L’information, de toute nature, a surtout circulé à travers les réseaux personnels. Certains de ceux qui ne disposaient pas d’un poste de radio à piles s’en sont remis à celui de leur voiture.

Le besoin d’être informé et de communiquer était extrêmement important, en particulier pour maintenir le contact avec son réseau social. Les gens abonnés au service de boîte vocale de Bell, et qui avaient quitté leur domicile, ont régulièrement utilisé leur système de messagerie pour prendre des nouvelles de leur proches.

4.3 L’attachement au chez-soi

Les entrevues ont révélé que plusieurs sinistrés ont effectué des déplacements souvent difficiles pour vérifier l’état de leur résidence. Ils ont justifié leurs efforts par le fait que l’accès au domicile représentait la possibilité d’avoir recours à leurs ressources personnelles (appareils ou vêtements, par exemple) et d’adoucir le séjour en situation d’hébergement.

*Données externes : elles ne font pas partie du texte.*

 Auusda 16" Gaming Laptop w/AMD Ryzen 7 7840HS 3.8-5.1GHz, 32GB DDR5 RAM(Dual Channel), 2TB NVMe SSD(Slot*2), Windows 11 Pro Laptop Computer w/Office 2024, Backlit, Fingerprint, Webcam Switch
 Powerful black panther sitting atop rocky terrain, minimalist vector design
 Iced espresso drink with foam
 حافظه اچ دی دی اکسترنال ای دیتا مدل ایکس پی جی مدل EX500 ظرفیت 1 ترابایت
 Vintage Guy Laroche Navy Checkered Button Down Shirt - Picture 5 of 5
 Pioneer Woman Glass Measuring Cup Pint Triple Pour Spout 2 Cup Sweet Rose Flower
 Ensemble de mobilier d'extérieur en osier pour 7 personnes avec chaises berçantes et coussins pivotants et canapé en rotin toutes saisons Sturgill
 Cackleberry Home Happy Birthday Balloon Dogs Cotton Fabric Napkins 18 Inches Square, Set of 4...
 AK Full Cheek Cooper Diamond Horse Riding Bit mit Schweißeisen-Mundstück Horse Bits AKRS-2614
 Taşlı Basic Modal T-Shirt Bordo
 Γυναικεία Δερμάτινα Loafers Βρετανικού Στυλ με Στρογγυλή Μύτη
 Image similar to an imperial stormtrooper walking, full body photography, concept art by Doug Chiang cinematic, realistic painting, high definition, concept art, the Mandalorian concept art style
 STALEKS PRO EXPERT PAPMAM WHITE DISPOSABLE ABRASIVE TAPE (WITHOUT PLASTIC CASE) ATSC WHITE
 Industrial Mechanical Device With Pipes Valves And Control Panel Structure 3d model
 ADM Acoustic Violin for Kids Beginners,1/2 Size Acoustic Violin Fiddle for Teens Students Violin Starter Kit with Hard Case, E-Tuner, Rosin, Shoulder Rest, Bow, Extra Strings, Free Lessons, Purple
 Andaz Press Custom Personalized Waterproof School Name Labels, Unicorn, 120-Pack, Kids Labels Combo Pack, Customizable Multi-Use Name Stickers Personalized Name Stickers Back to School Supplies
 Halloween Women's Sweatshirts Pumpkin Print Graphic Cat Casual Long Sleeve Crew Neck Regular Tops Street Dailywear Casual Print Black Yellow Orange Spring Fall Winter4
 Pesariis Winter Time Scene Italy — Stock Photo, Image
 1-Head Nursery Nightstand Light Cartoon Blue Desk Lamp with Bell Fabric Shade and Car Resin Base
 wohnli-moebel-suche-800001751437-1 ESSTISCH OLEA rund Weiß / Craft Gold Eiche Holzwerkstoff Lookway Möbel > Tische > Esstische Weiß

L’attachement des gens pour leur foyer a conduit les autorités à développer des services adaptés pour desservir les personnes demeurées chez elles et pour assurer un accès régulier au domicile. D’autre part, la possibilité de rester chez soi a accentué la vulnérabilité de certains citoyens qui ont refusé de quitter au risque de leur sécurité. La situation des personnes âgées qui ont refusé de quitter leur maison durant le sinistre a été particulièrement problématique.

Le recours à ses propres ressources est demeuré l’approche la plus valorisée et la plus valorisante. Plusieurs diront même qu’elle a permis de développer l’impression d’un meilleur contrôle sur des événements hors du commun. Cependant, les personnes trop engagées dans une quête d’autonomie peuvent perdre la capacité de discerner le moment où il faut s’arrêter et demander de l’aide ou des ressources complémentaires qui éviteront l’épuisement.